Police fled the scene, and the normally hip neighborhood in the Pacific Northwest was cordoned off by barricades as an “autonomous zone” was declared. Democratic Mayor Jenny Durkan went on national television and mused about another “summer of love,” but when gunfire left one teenager dead and another critically wounded, the CHOP lost its charm and the authorities moved back in.

Stores were looted and police made dozens of arrests, but the events that precipitated the emergence of a large, organized protest were sparked by the authorities, Mr. Salisbury said. His video from June 1, 2020, — and Mr. Salisbury’s fame rests primarily on the videos he took, live, day after day within the CHOP — shows him getting teargassed.

Seattle, I have a question,” Mr. Salisbury tweeted at the police department, the City Council and Ms. Durkan. “Are you seriously saying that no one is responsible for tear-gassing a whole neighborhood? Asking on behalf of media, peaceful protesters, and residents of Cap Hill all who got gassed.”

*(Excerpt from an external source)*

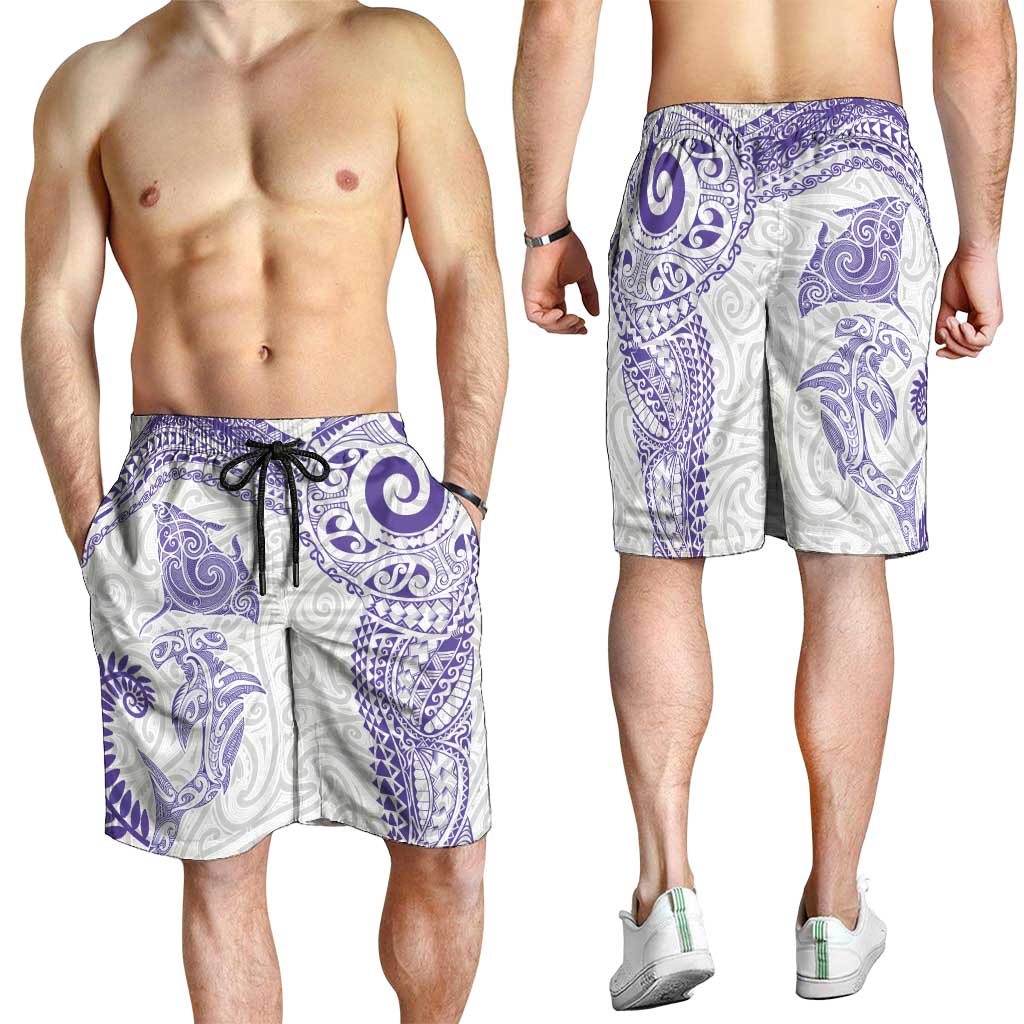 Aotearoa Maori Sea Animals Tribal Shorts for Men Manta Ray and Shark Moko Pattern Purple Color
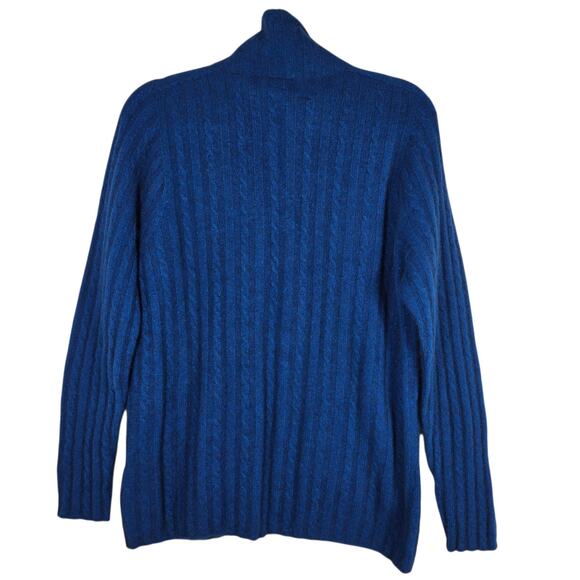 Zinity Sweater Womens Medium Blue Full Zip Cable Knit Possum Merino Made in NZ - Picture 7 of 11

While Mr. Salisbury’s sympathies clearly lie with the goals of CHOP protesters, he insists he approached the event as a journalist rather than a participant. His iPhone simply recorded what transpired around him as CHOP unfolded, not what he did.

Mr. Salisbury said when CHOP began, his Twitter feed had 114 followers. As he began posting video accounts at Converge, his followers rocketed to several thousand in just over 48 hours. He now has more than 30,000.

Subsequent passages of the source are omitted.